The Difficulties in Diagnostic Patents, post-Mayo

Since the Supreme Court issued its opinion in the Association for Molecular Pathology v. Myriad Genetics, Inc. and Mayo Collaborative Services v. Prometheus Laboratories, Inc., it has been increasingly difficult for medical diagnostics to become patented or survive a patentability challenge.  In 2012, the U.S. Supreme Court decisions, which applied to a breast cancer test relying on BRCA1 gene mutations and test determining appropriate dosages of thiopurine drugs that are used in autoimmune diseases, determined that any test that relied upon a correlation between naturally occurring events, such as the presence of a mutated gene or drug metabolite, was related to natural laws and natural phenomena and hence not patent eligible subject matter without more inventive material in the claims.[i]  These decisions also stated that any well-understood, routine, or conventional activity previously engaged in by researchers in the field, would be insufficient to overcome a finding of patent ineligibility.[ii]

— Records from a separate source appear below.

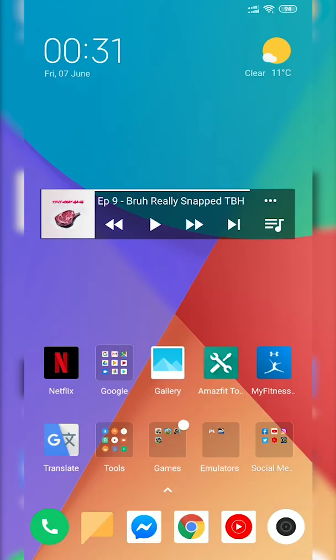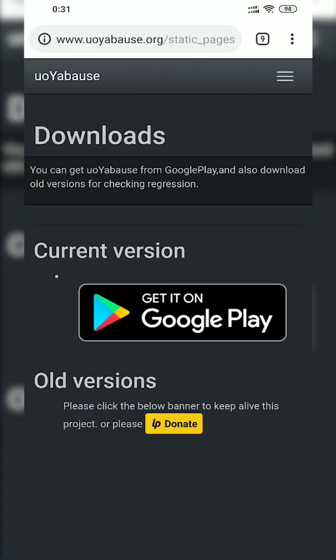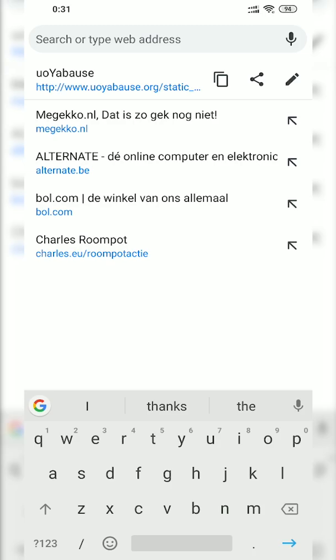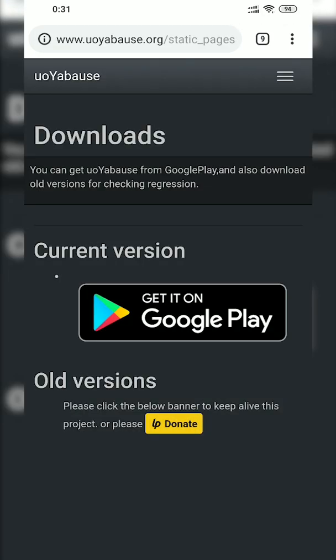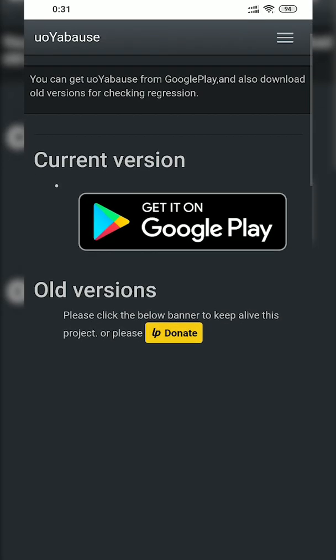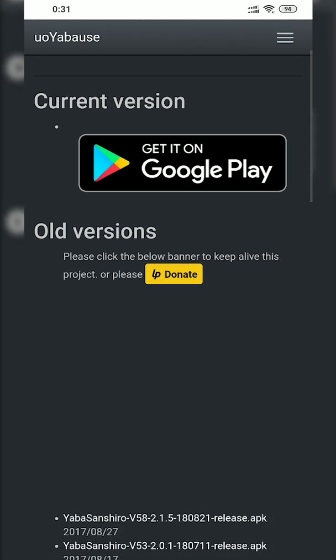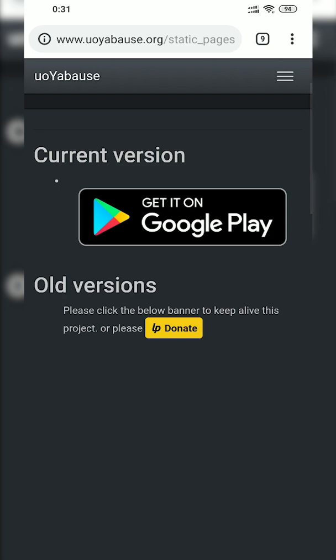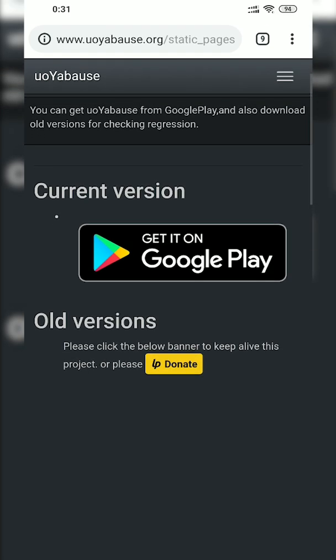So the first thing we're going to need to be able to do this is open up our web browser. In this case I'm going to be using Google Chrome and we're going to be coming to this link — links as always are in the description down below. What we're going to be doing is searching for the current version, which in this case is on the Play Store.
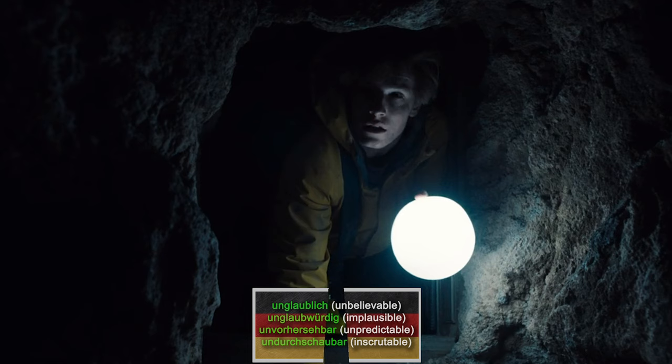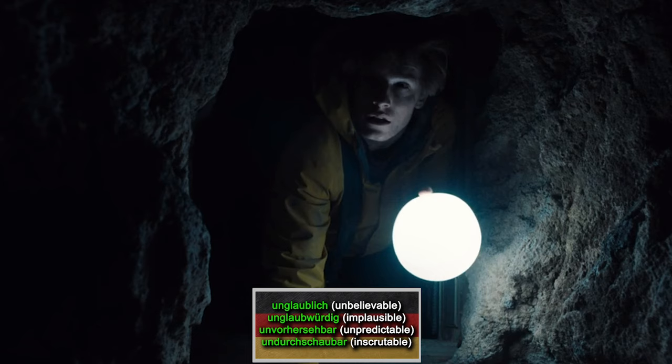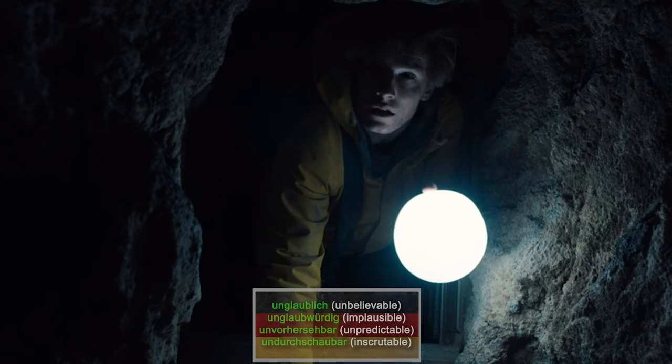U. Unglaublich. Unglaubwürdig. Unvorhersehbar. Undurchschaubar. Four adjectives which are somewhat related and similar in their structure, and all four can be linked to things happening in Dark, but also to what viewers might experience while watching the show.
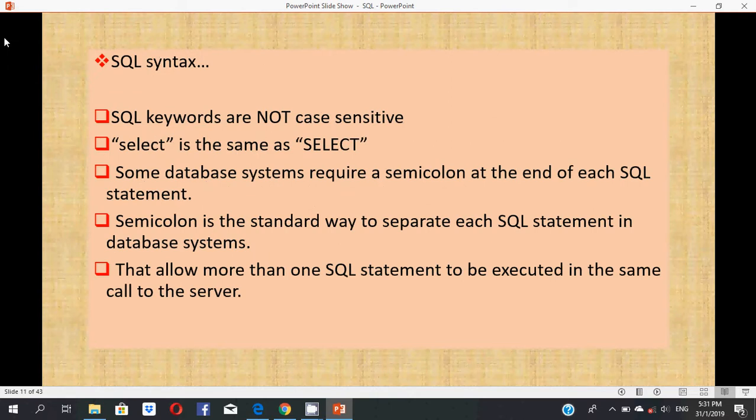SQL syntax: SQL keywords are not case sensitive. It means simple characters and capital characters are the same. Some database systems require a semicolon at the end of each SQL statement. Semicolon is the standard way to separate each SQL statement in database systems that allow more than one SQL statement to be executed within the same call to the server.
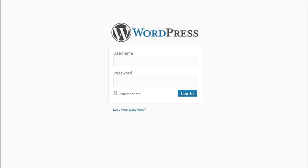And there we're at the sign in page for our WordPress blog. And you'd need to sign in with the username and password that you set up when you installed WordPress on your site.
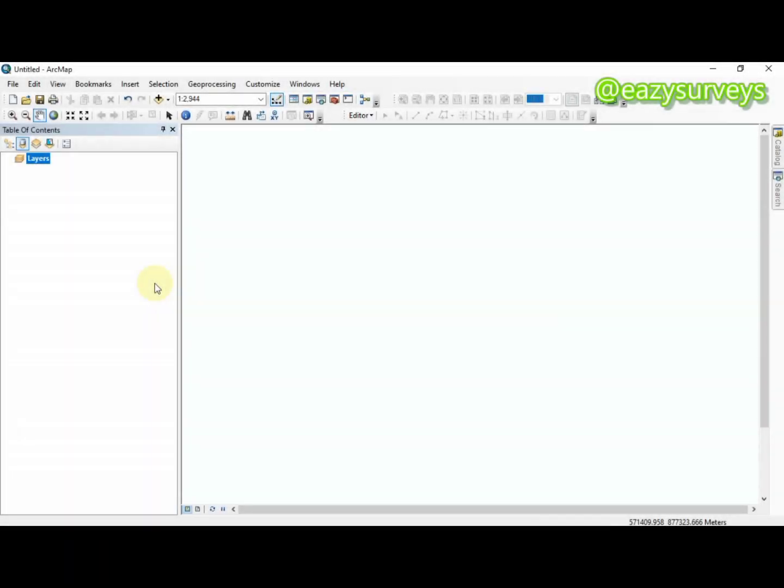Hi guys, welcome to my channel Easy Surveys, where we make survey practices easier and more educational. In this video I want to briefly show you how to produce a simple contour map using ArcGIS software.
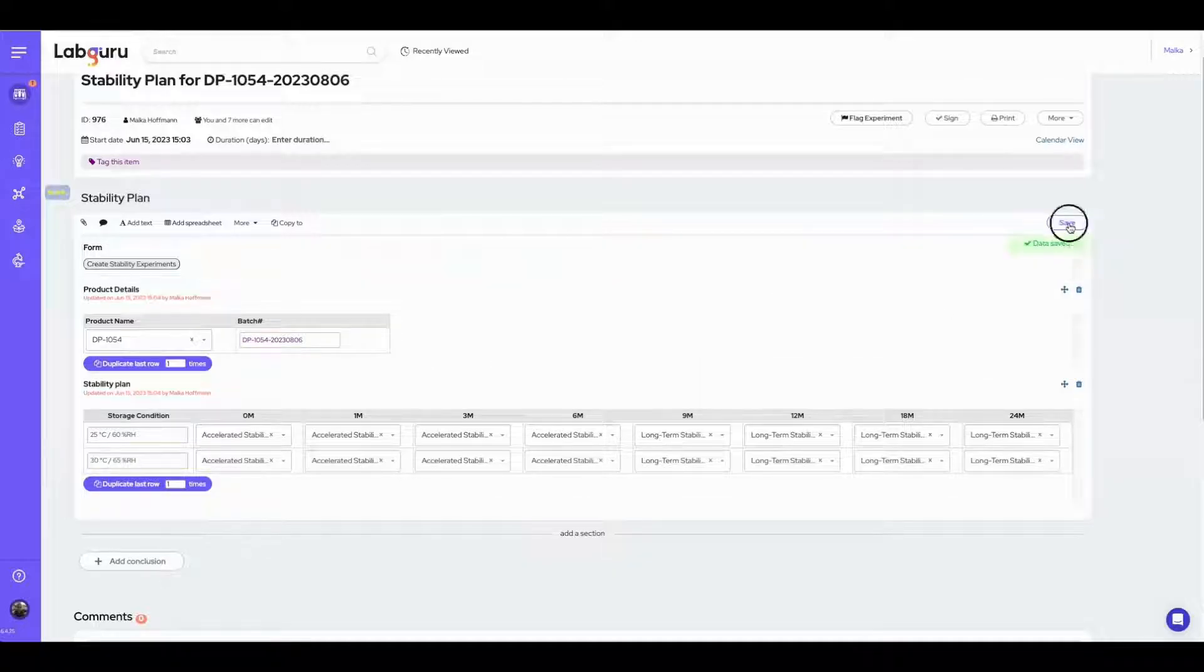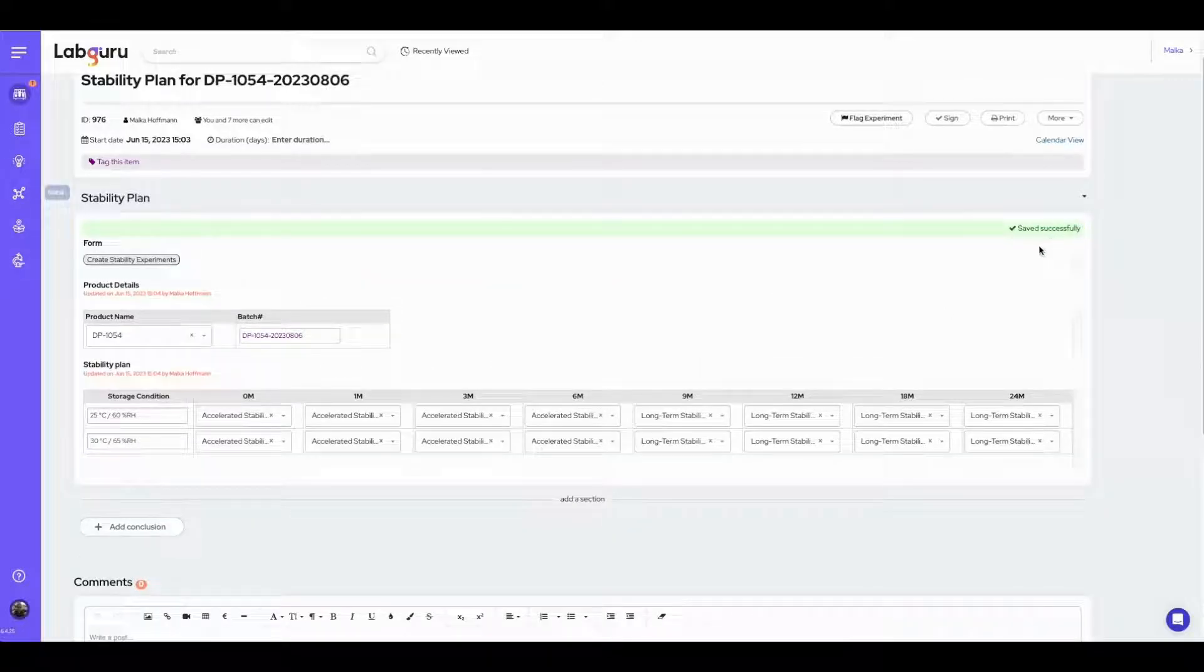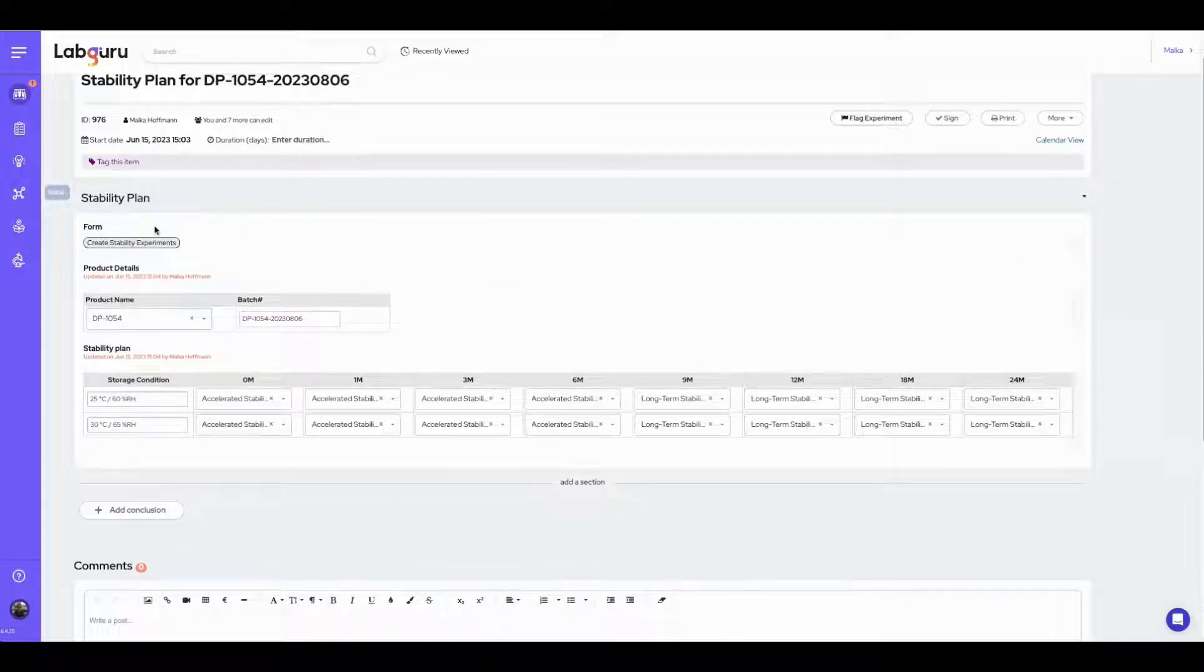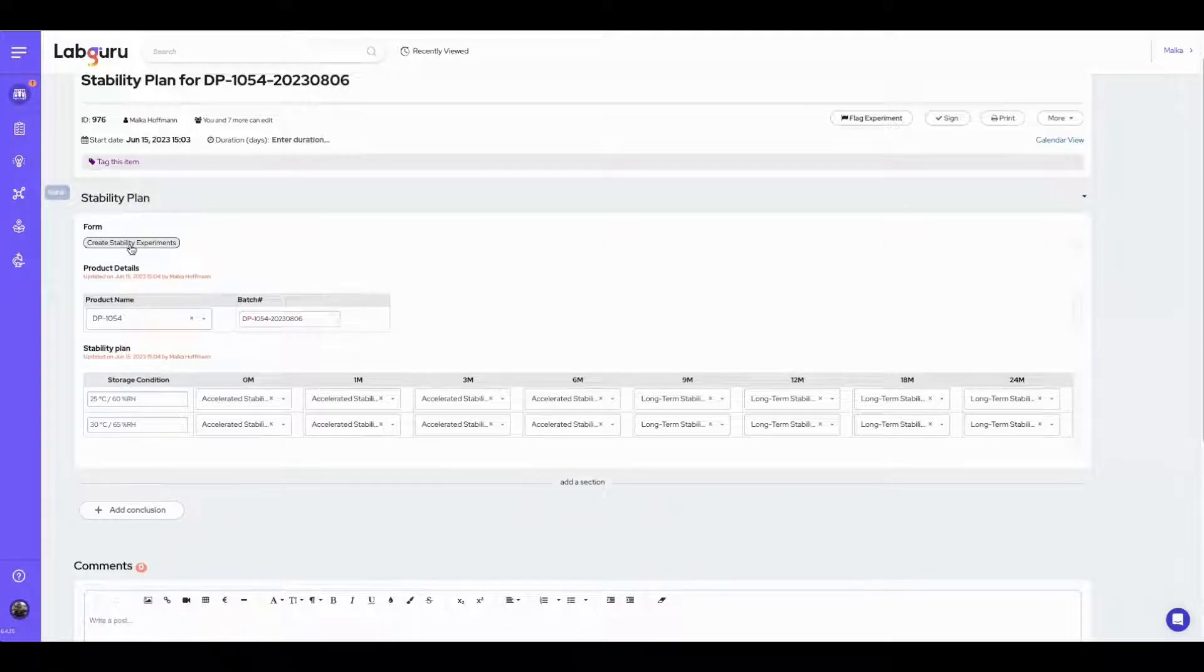Once planning is completed, I can click on the create stability experiments button, which will activate the automation.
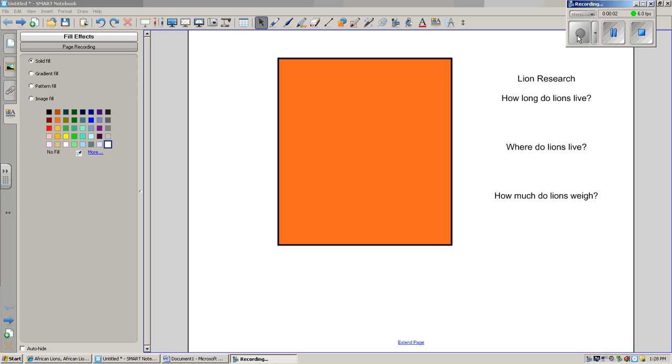I'd like to show you how to use transparent background in Smart Notebook. You'll notice that I have some lion research questions on my Smart Notebook page, and I also have an orange box.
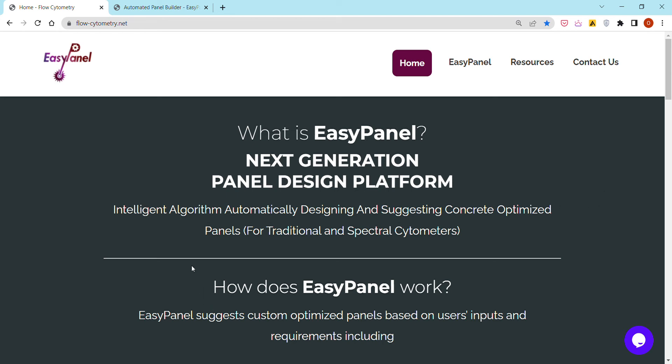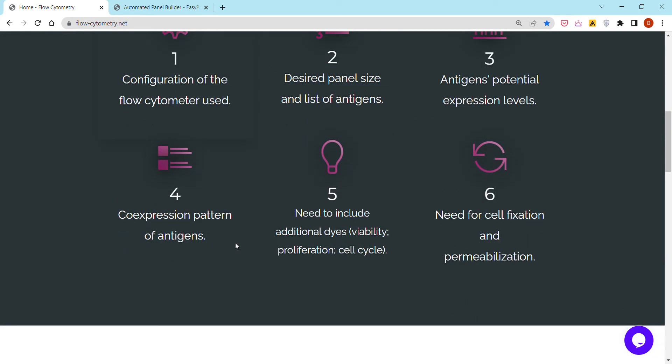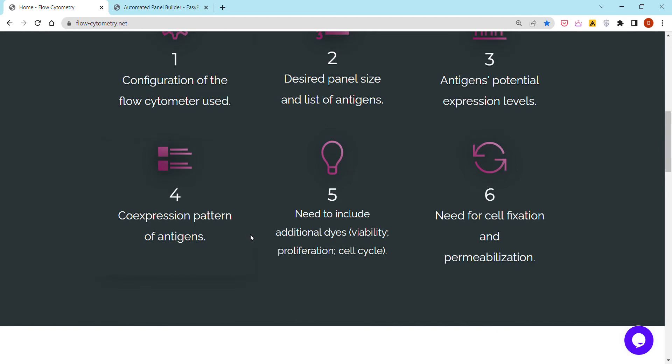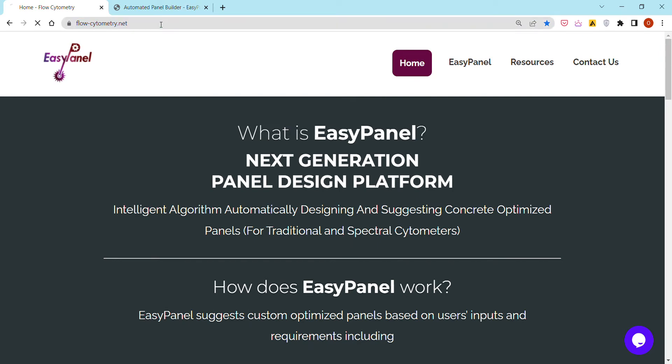Hello everyone, my name is Omar and I'm the co-founder of EasyPanel, which is an automated flow cytometry panel design platform that is available online on our website here, flow-cytometry.net.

Recently, the Federal Circuit released a precedential opinion into a myasthenia gravis diagnostic relying on antibody levels against a membrane protein, muscle-specific tyrosine kinase (MuSK).[iii] Myasthenia gravis is an autoimmune neuromuscular disorder typically caused by antibodies targeting acetylcholine receptors that are responsible for nerve transmission.[iv]  There are three other variations, where antibodies target MuSK, where antibodies target LRP4, and congenital variations that result in defects in nerve transmission, such as in acetylcholine.[v]  In typical muscle nerve transmission, a nerve (presynaptic) releases acetylcholine out of the cell, which is taken up by the next cell (postsynaptic) causing the nerve signal to continue.[vi] LRP4 and MuSK act together to maintain the acetylcholine receptors together and adjacent to the presynaptic cell, which is required for the signaling.[vii]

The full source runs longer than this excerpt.